To be fair, the fact that the Indian authorities were onto something had been made fairly clear over the course of the weekend. On Friday (May 13), well before Haldar's arrest was completed, the Indian Bengali media outlets based out of West Bengal (India's larger states tend to have their own self-sufficient media) were abuzz throughout the day on the trail of several ED teams who had fanned out throughout state, with many of them in Ashoknagar, a fairly nondescript town located in the North 24 Parganas district.
The ED, which is a central government agency (i.e. under New Delhi's control), raided 10 properties on Friday, each more palatial than the next, saying Haldar and his associates bought the properties by using fake Indian identities. They may have chosen a town located off the beaten track, but within Ashoknagar, they stood out for their jaw-dropping dimensions and design connoting luxury and wealth.
Even then, nobody really believed Haldar himself would be found. Remember, as far as Bangladeshis knew, he was comfortably settled in wealth and luxury in Canada, where authorities believed he had moved on to following his daring escape across the border under threat of arrest by Bangladeshi law-enforcers in October 2019.
The former managing director of NRB Global Bank and Reliance Finance Limited, was believed to have fled to Canada after the Anti-Corruption Commission (ACC) of Bangladesh began an investigation into his illegal activities as part of the casino raids in 2019. Following his arrest however, it is learnt that he has been in India since March last year.
It was also reported that Haldar had been arrested on the basis of information the ACC of Bangladesh had gleaned during its investigation and provided to Indian authorities. The commission was meant to disclose further details on the day after the arrest, but it turned out to be a damp squib.
Rather, the raids as well as the arrests were reported by most of the Indian media as part of Delhi's crackdown on the alleged 'hawala' scam in West Bengal, what we call hundi in Bangladesh, although the scam involving prominent politicians of Mamata Banerjee's Trinamool Congress that has been alleged, is a much more wide-ranging and nefarious set of activities.
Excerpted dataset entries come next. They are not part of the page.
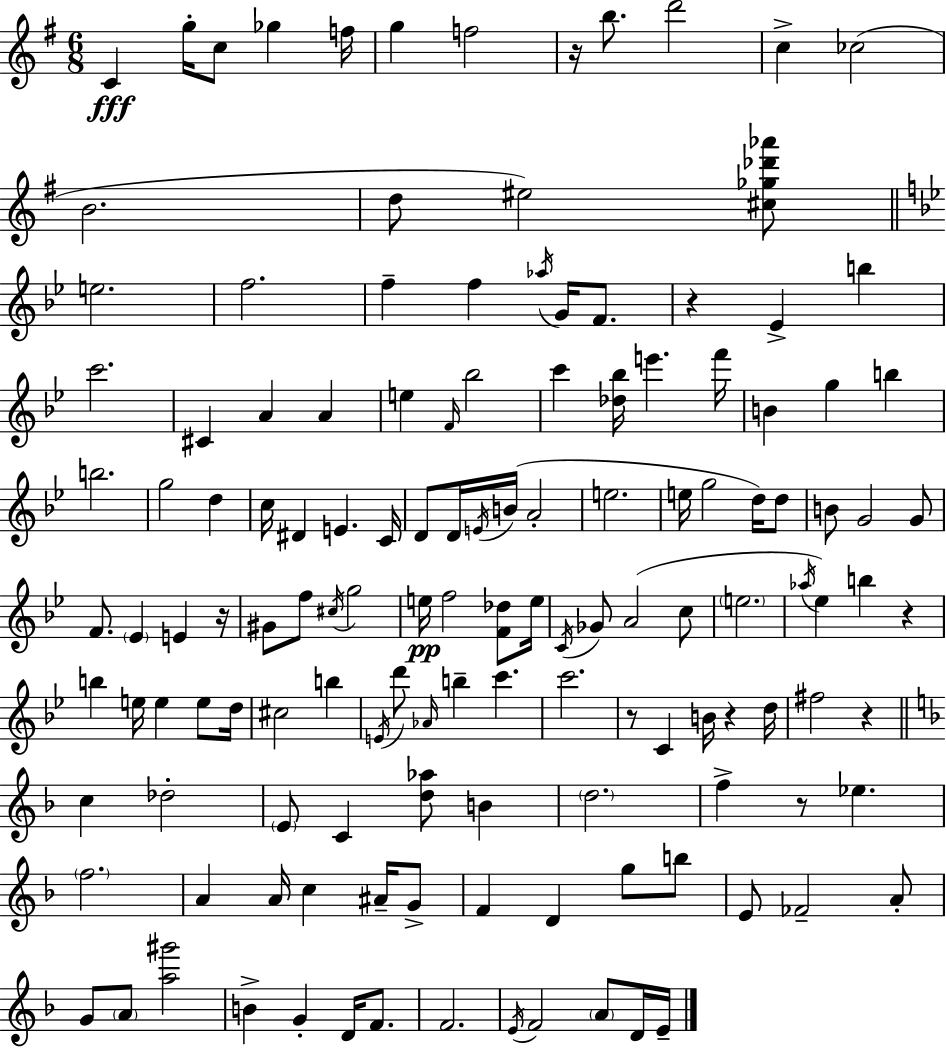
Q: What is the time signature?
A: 6/8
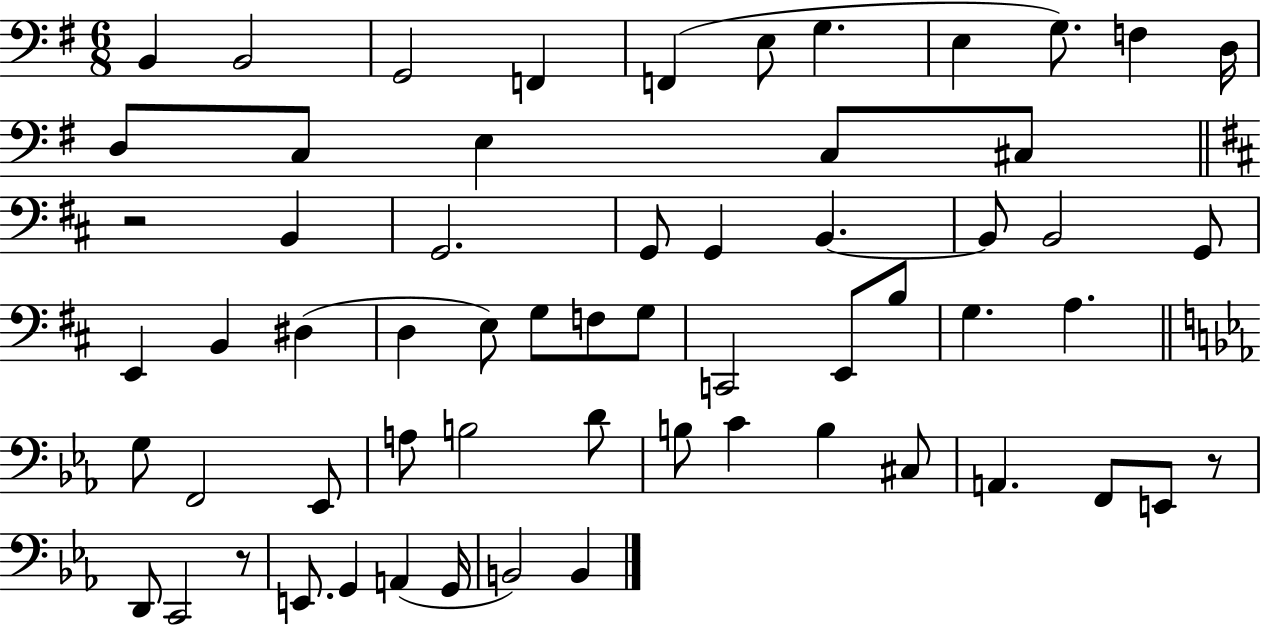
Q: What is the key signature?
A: G major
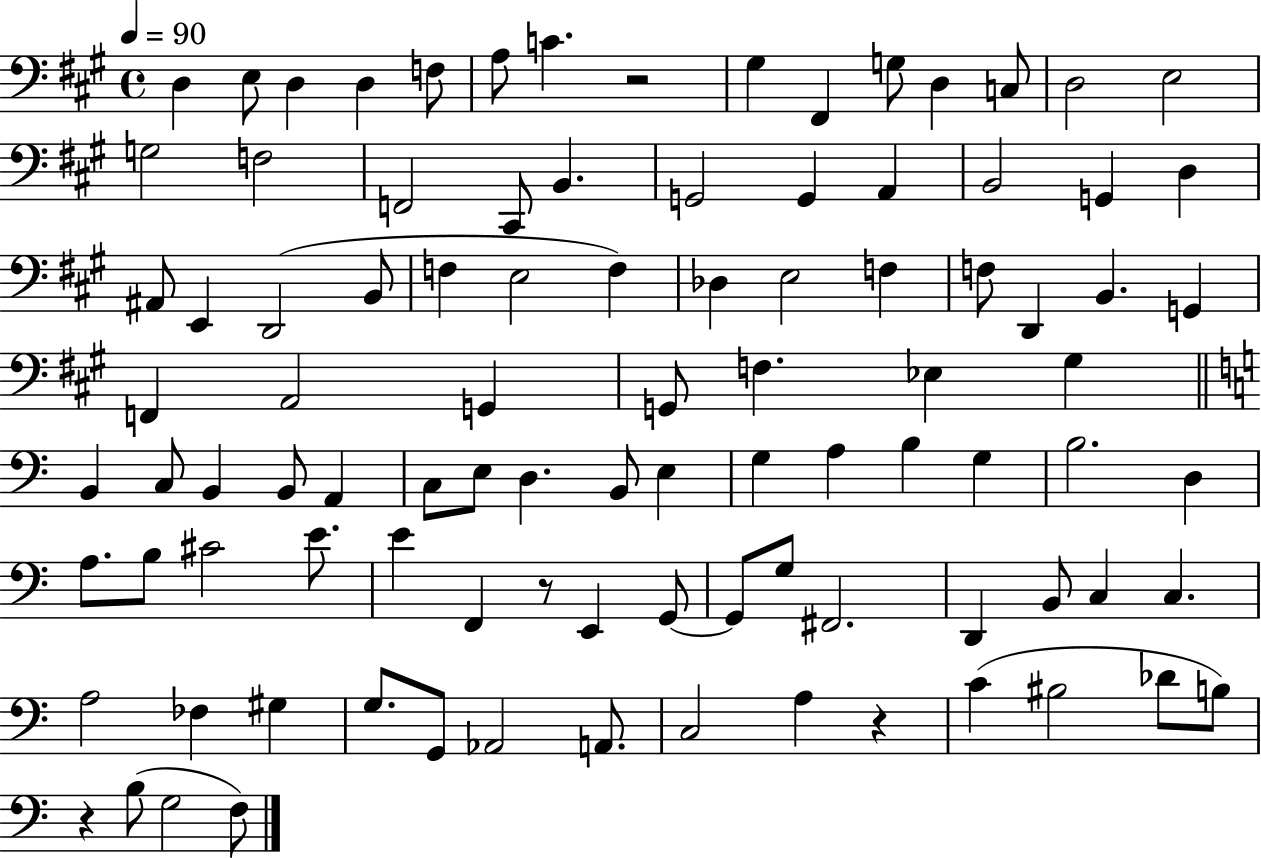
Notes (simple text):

D3/q E3/e D3/q D3/q F3/e A3/e C4/q. R/h G#3/q F#2/q G3/e D3/q C3/e D3/h E3/h G3/h F3/h F2/h C#2/e B2/q. G2/h G2/q A2/q B2/h G2/q D3/q A#2/e E2/q D2/h B2/e F3/q E3/h F3/q Db3/q E3/h F3/q F3/e D2/q B2/q. G2/q F2/q A2/h G2/q G2/e F3/q. Eb3/q G#3/q B2/q C3/e B2/q B2/e A2/q C3/e E3/e D3/q. B2/e E3/q G3/q A3/q B3/q G3/q B3/h. D3/q A3/e. B3/e C#4/h E4/e. E4/q F2/q R/e E2/q G2/e G2/e G3/e F#2/h. D2/q B2/e C3/q C3/q. A3/h FES3/q G#3/q G3/e. G2/e Ab2/h A2/e. C3/h A3/q R/q C4/q BIS3/h Db4/e B3/e R/q B3/e G3/h F3/e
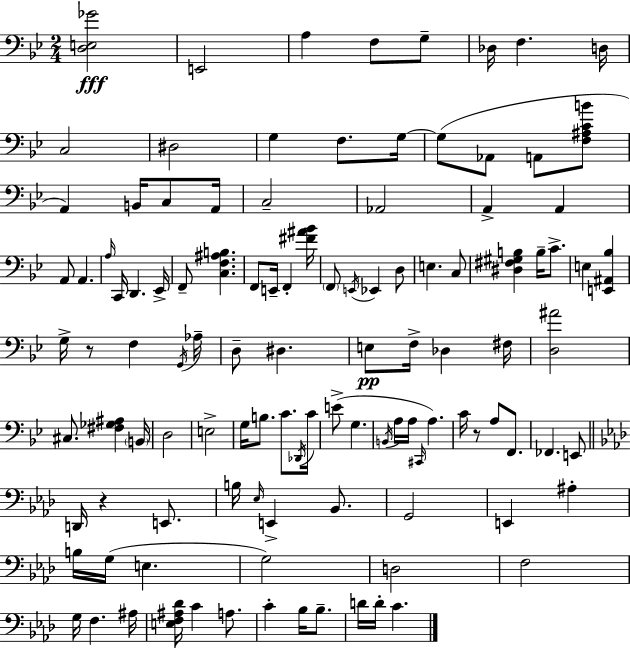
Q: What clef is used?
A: bass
Bangladeshi involvement started seeming even more remote when Foreign Minister AK Abdul Momen said the authorities in Bangladesh still had not officially received any confirmation on the arrest from their Indian counterparts. Any efforts to bring him back to the country could obviously only begin once there was confirmation of the arrest.
"PK Haldar has been posing as an Indian citizen by the name of Shibshankar Haldar," the ED said in a statement. He managed to obtain various government identities, including a ration card from West Bengal, Indian Voter ID card, permanent account number, and multi-purpose Aadhar card, the directorate added.
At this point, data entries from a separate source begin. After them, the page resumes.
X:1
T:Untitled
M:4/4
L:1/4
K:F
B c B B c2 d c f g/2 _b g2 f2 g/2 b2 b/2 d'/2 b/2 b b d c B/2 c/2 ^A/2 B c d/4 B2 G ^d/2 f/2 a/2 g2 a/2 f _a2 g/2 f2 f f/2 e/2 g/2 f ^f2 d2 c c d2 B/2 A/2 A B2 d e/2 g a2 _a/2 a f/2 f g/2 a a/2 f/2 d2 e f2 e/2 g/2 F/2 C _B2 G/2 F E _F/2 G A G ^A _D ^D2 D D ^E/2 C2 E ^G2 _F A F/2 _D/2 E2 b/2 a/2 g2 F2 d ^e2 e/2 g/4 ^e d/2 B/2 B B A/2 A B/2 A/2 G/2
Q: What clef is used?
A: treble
He even managed, along with his associates, who were also arrested, to float companies in India on the basis of the fraudulent documents. Sources told our sister newsagency UNB that the three could eventually be handed over to Bangladesh. But since it was clear that Haldar had committed a slew of crimes under Indian law as well, these may have to be tried first through the Indian courts. But of course, a political agreement between the two governments can easily override any such obligation.
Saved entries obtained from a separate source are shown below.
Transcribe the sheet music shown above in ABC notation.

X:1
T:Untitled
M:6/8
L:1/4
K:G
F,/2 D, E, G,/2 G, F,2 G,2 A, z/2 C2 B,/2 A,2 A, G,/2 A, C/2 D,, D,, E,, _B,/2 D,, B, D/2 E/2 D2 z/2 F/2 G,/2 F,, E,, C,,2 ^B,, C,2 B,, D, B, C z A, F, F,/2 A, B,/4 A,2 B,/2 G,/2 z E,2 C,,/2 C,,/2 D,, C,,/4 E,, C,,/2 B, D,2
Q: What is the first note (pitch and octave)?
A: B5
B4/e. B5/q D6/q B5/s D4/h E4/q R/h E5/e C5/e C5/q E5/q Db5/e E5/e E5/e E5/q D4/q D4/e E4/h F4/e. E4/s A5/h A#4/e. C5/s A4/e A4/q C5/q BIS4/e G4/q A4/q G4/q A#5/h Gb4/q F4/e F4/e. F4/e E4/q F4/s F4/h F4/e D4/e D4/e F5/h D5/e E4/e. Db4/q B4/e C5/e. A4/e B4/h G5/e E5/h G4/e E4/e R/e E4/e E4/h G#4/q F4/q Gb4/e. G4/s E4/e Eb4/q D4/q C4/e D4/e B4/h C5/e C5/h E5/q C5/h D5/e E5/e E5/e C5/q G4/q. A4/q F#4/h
According to authorities in Bangladesh, PK Haldar had laundered about Tk80 crore to Canada and amassed about Tk 426 crore beyond his known sources of income, possibly rising upto an eye-watering Tk 11,000 crore. At least 28 corruption cases have so far been filed against him and dozens of his associates in Bangladesh.
It also emerged that in addition to his Bangladeshi and Canadian passports, Haldar was now also in possession of a third - from the Caribbean nation of Grenada, that has one of the world's earliest citizenship-by-investment schemes, easily obtainable in exchange for investing $150,000 and above. B he is said to have used his Bangladeshi passport to go to India. Despite facing legal action over financial irregularities at home, Haldar continued his illegal activities while in India.
The powerful ED, which specialises in fighting financial crimes, similar to the Bangladesh Financial Intelligence Unit, has ascertained that the immovable properties bought or built by Haldar and his associates were not restricted to Ashoknagar - they were also located in some of the poshest localities of Kolkata.
The Bengali Madoff
PK Haldar and his associates took loans amounting to Tk 2,000 crore from the FAS Finance and International Leasing And Financial Services Limited (ILFSL) against a slew of non-existent companies that were conjured out of thin air as part of his grand scheme. In reality, the amount was directly transferred to accounts under his or his many minions' control.
He used layering procedures to conceal the source of the money through a series of transactions and bookkeeping tricks, that allowed the scam - which in fact consisted of a series of interlinking scams - to stay hidden for years.
For instance, ACC was able to uncover that Haldar took a loan of Tk45 crore in the name of Konica Enterprise, but Tk11.32 crore of the amount was transferred, using three cheques of Bangladesh Bank to repay the liabilities of Sandeep Corporations, SA Enterprise, Arabi Enterprise, Drinan Apparels Ltd, Varna, Amexo and P and L International Ltd - that all turned out to be non-existent companies.
Haldar took the rest of the amount, using the name of MTB Marine Ltd, another borrower of FAS Finance and Investment Ltd, using customer cheques issued by One Bank Ltd, Mercantile Bank Ltd and Bank Asia Ltd.
Similarly, Tk35 crore was issued in the name of Moon Enterprises, Tk38 crore for Messrs Bernarbi Enterprise and Tk40 crore for Anan Chemical Industries Ltd. It is thought that through a series of bewildering circular transactions, the money eventually ended up in accounts controlled by Haldar.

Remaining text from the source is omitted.